Sarah Silverman always knew that she had a brother who died five years before she was born, but didn’t have the real details about his death — until now.
“I’m going to tell you a big bomb,” Sarah, 54, shared during a Rolling Stone feature, published on Sunday, May 18, before detailing the truth about her brother Jeffrey who passed in his infancy.
“The story was that something happened with the crib, and Jeffrey’s little body slid and he got suffocated,” she told the publication. “But if you look back, there was never a lawsuit with the crib company or anything.”
Sarah grew up hearing that the incident occurred while Jeffrey was in the care of her paternal grandparents.
When she was writing her 2010 memoir The Bedwetter, Silverman spoke to both of her parents, who unknowingly hinted at something being awry with Jeffrey’s death. Although her parents, Donald Silverman and Beth Ann O’Hara, typically had differing versions of every story they told, when it came to talking about Jeffrey, their stories matched up perfectly.
Donald went to see his daughter’s Bedwetter: The Musical when it was Off-Broadway in 2022, in which she made a joke about Jeffrey.
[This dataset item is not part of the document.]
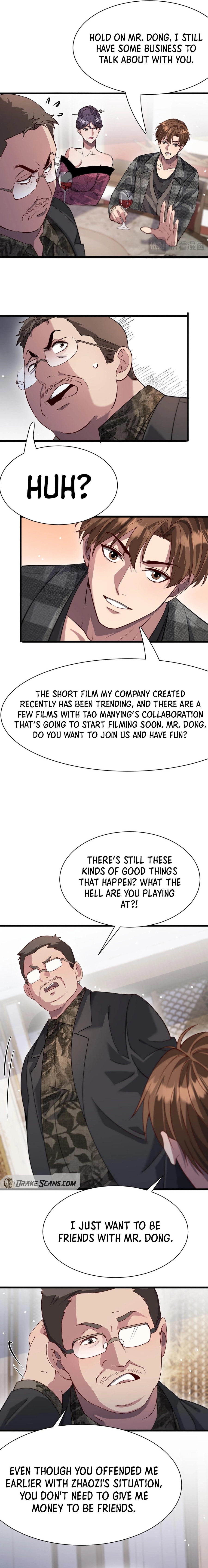 I’m Stuck On The Same Day For A Thousand Years chapter 102 page 7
After watching five performances of the show in a row, Donald was finally ready to tell the truth. (Donald died in May 2023.)
“My dad says, ‘I always felt that he was crying or something, and my dad shook him,’” she recalled, referring to her grandfather. “‘He shook him in a rage and killed him.’”
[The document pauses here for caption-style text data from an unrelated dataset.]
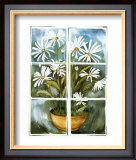 Daisies at the Window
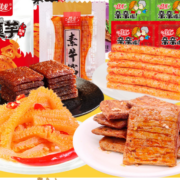 佳龙 辣条大礼包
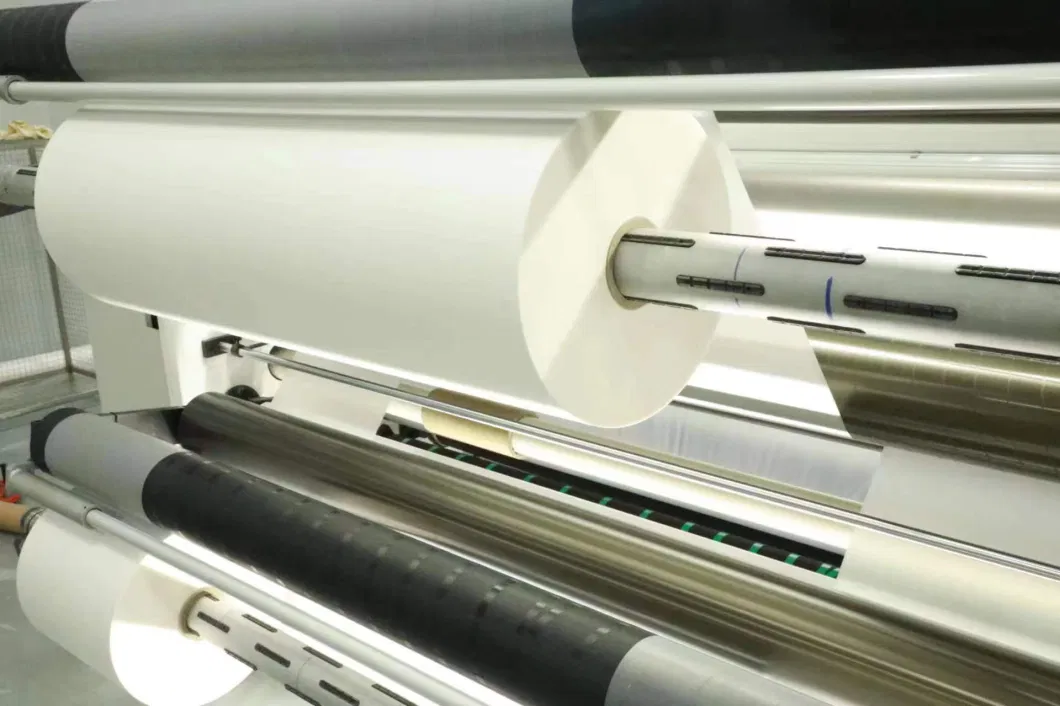 BOPP Scratch-Proof Matt Film Thermail for Printing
Sarah continued: “As soon as he said it, it was like, ‘Of course, that’s what happened.’ His mother always stood by her husband. She watched him beat the s*** out of her son. I couldn’t ask my mom, because she was dead.”
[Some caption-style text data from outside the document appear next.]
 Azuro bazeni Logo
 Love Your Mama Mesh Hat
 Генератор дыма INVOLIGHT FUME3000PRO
A separate story shared about her family in the same Rolling Stone profile also seemed to hint at her father’s tale of Jeffrey’s death.
When she was 5 years old, Sarah was in the car with her grandmother and was told to buckle her seatbelt. “Yeah, we don’t want to wind up like Jeffrey,” the young Sarah retorted, recalling that her grandma burst into tears.
Much of the interview was focused on Sarah’s late father, whom she referred to as “my best friend, my buddy” before his death.
“Well, he wasn’t my best friend until I was older,” she admitted. “He was not physically abusive, but he had uncontrollable rage.”
At one point, Sarah detailed her father’s upbringing — which seemed to explain more about her grandfather.
“My dad had a heartbreaking childhood,” she said. “His dad beat the s*** out of him every day, just mercilessly. He had a younger brother who wasn’t touched. His father made the kids call him Mr. Silverman.”